The Denver Channel reportedly received nearly 2,000 pages of documents from a Weld County District Attorney’s discovery report detailing police interviews with Chris Watts and Shannan’s friends and family members, as well as text messages that appear to show Shanann and Chris’s marriage was unraveling.
A police report from the day Shanann and her daughters, 4-year-old Bella and 3-year-old Celeste, went missing reveal that Shannan’s mother called while detectives were searching their Frederick, Colorado, home. It is unclear if she called the police, the house phone, or Shanann’s cell phone, which had been left behind. Chris Watts reportedly was unable to give police the password to unlock the phone, but Shanann’s friend Nikole Atkinson was able to provide it.
“Shanann’s mother called during this time and was adamant that Christopher had done something and that I (the detective in the case) needed to check the GPS on his truck,” the detective wrote in the report obtained by the Denver Channel.
“She (Shanann’s mother) and her husband believe that her daughter and granddaughters’ disappearance involved, ‘foul play,’ and that she honestly believes that her son-in-law was involved.”
Jennifer Kovaleski, a reporter for the Denver Channel, shared an additional detail from the report on Twitter — saying that Shannan’s mother believed Chris Watts was going to dispose of the bodies using oil.
— Jennifer Kovaleski (@JennKovaleski) November 22, 2018
The bodies of Shanann and her daughters were found later that week on a property owned by the petroleum company where Chris Watts worked until his arrest on August 15. Shanann was reportedly buried in a shallow grave while Bella and Celeste were discovered in oil containers.

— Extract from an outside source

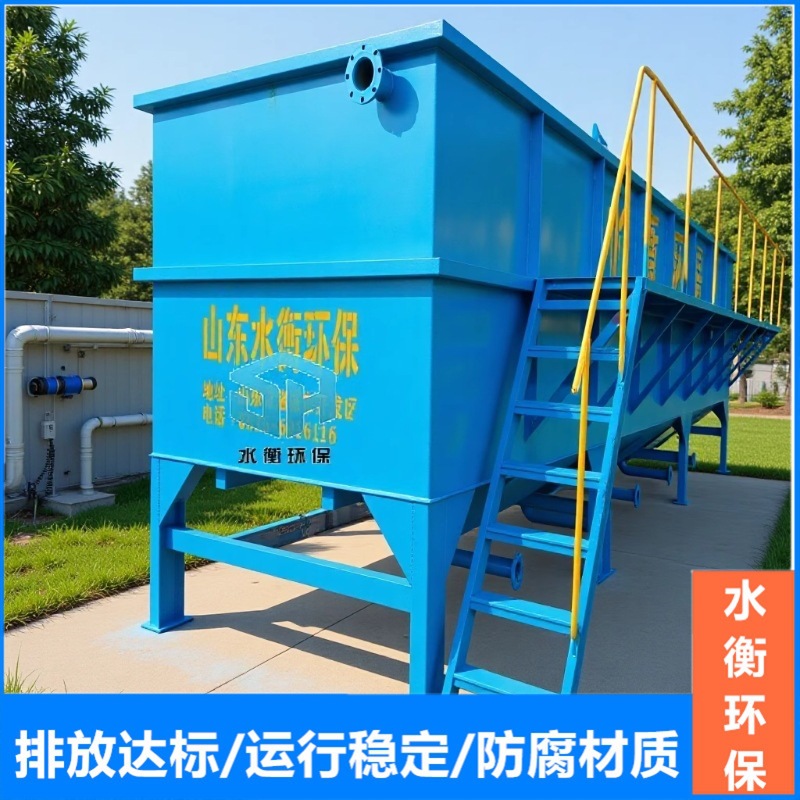 污水沉淀池斜管沉淀池 处理量大出水效果好 免费安装调试终身保修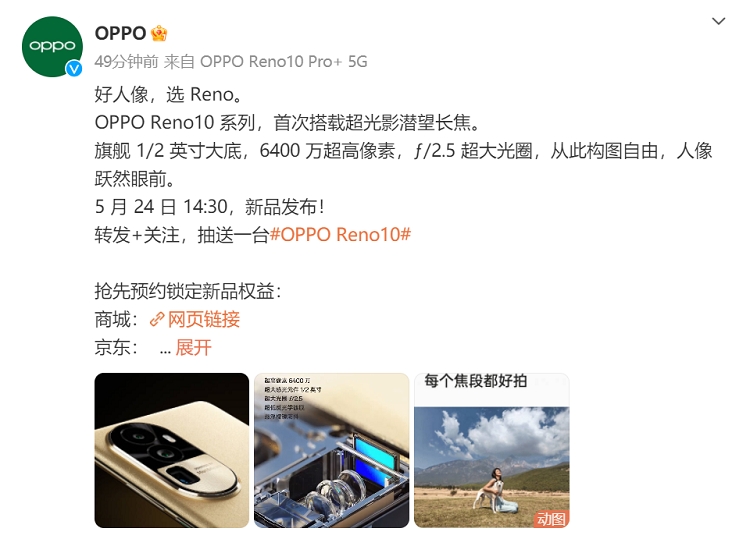 OPPO Reno 10系列预热，首次搭载超光影潜望长焦镜头-第1张图片-科技快讯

Transcripts of text conversations between Shanann and friends revealed that the marriage crumbling just before Shannan and her daughters disappeared. The Watts had been planning to host a gender reveal party sometime in August, to announce Shanann was pregnant with a boy, which the couple had already named Nico. But days before her murder, Shanann told a friend via text message that the party had been called off.
After a friend named Taylor told Shanann she had heard the gender reveal party had been cancelled, Shannan replied: “Chris said we are not compatible anymore,” according to the documents obtained by the Denver Channel.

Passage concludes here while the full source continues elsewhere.